_Action item_
In the listing beneath this line, copy exactly the lines starting with the one containing "Old gas pumps" and going on through the one containing "Doritos and BBQ".

_Records provided_
══════════
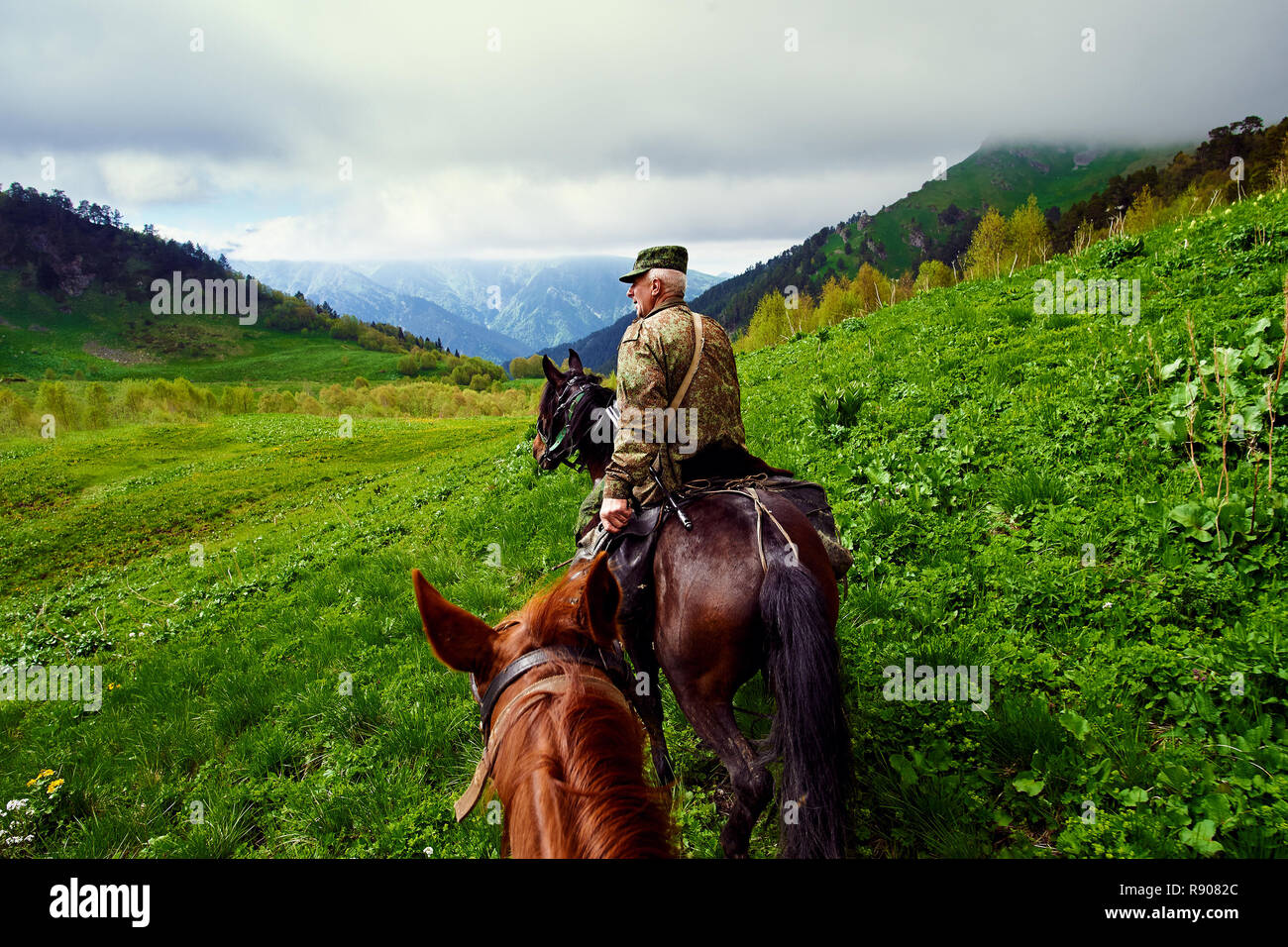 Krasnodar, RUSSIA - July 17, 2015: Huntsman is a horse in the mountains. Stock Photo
══════════
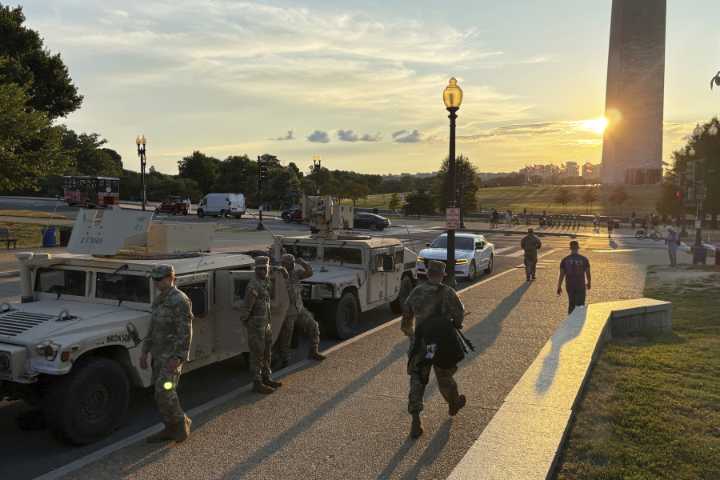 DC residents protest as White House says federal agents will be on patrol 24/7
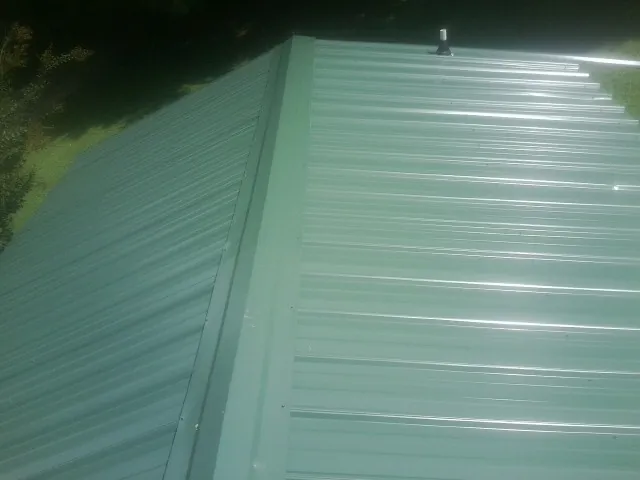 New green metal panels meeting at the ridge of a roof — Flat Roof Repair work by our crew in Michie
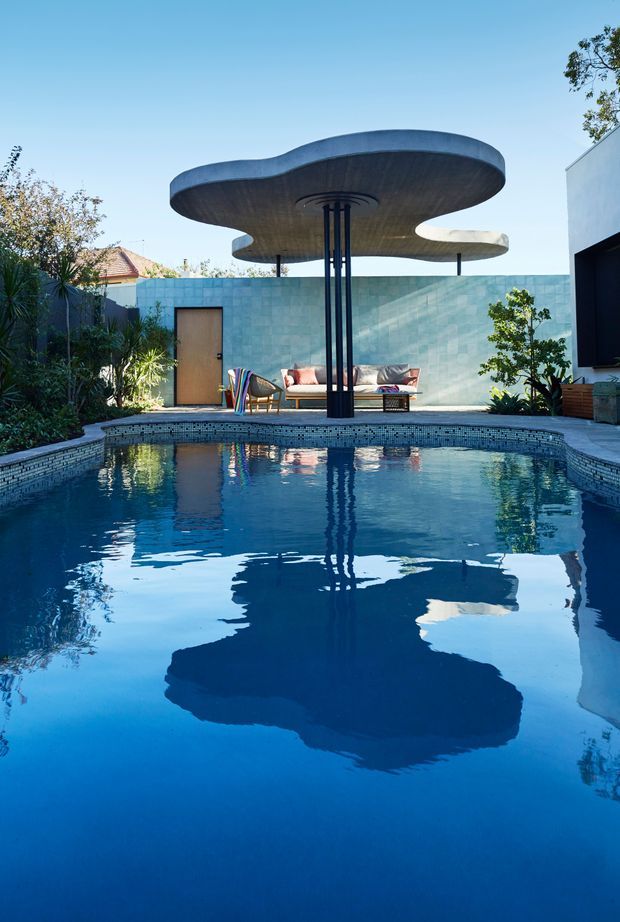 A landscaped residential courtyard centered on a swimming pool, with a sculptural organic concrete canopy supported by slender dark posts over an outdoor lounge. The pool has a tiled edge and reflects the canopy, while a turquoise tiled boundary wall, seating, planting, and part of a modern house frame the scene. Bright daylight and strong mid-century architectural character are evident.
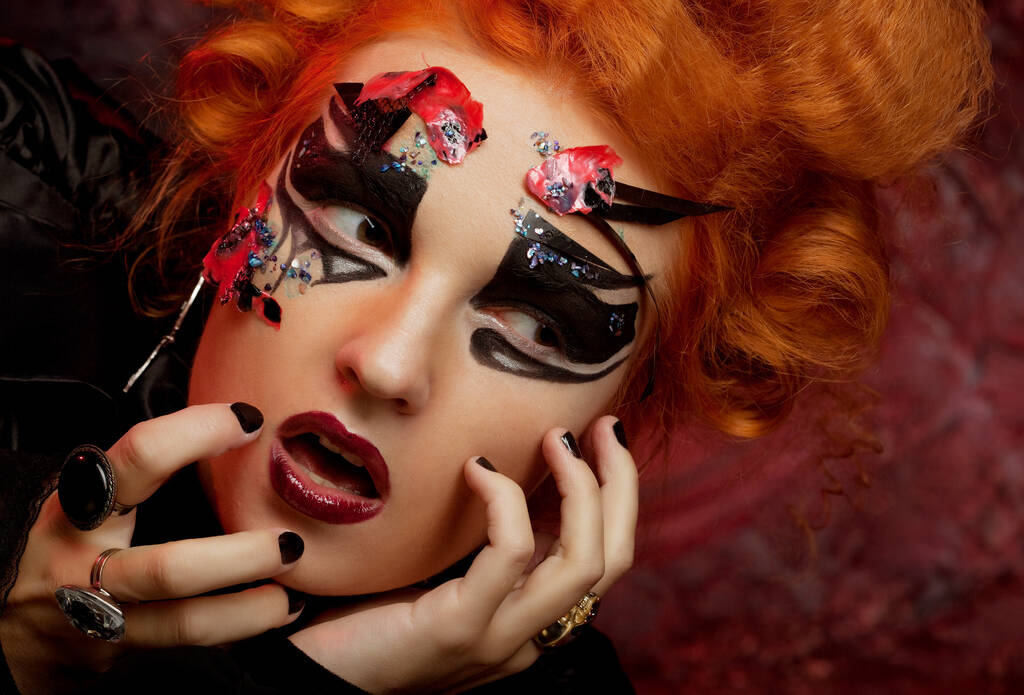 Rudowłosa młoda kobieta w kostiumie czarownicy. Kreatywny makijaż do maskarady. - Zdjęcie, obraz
══════════
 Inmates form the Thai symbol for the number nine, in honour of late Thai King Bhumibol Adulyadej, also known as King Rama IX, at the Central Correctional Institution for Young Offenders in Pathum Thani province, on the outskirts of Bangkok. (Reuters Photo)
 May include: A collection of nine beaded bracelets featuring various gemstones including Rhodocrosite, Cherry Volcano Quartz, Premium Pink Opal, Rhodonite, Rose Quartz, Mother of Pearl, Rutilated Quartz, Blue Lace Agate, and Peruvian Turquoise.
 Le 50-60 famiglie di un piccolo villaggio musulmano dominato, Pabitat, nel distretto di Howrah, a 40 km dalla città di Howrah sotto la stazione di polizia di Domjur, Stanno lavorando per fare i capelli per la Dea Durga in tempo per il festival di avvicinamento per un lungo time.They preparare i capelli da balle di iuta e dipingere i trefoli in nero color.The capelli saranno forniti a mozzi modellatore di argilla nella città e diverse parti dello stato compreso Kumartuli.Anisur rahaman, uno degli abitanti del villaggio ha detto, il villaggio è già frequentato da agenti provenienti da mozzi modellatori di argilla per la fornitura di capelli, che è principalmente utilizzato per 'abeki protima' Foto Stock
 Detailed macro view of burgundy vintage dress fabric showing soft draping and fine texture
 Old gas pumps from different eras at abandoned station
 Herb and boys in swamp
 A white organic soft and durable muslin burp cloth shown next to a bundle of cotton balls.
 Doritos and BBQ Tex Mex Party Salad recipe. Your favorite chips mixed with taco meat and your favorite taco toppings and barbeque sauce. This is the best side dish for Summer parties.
══════════
_Expected answer_
 Old gas pumps from different eras at abandoned station
 Herb and boys in swamp
 A white organic soft and durable muslin burp cloth shown next to a bundle of cotton balls.
 Doritos and BBQ Tex Mex Party Salad recipe. Your favorite chips mixed with taco meat and your favorite taco toppings and barbeque sauce. This is the best side dish for Summer parties.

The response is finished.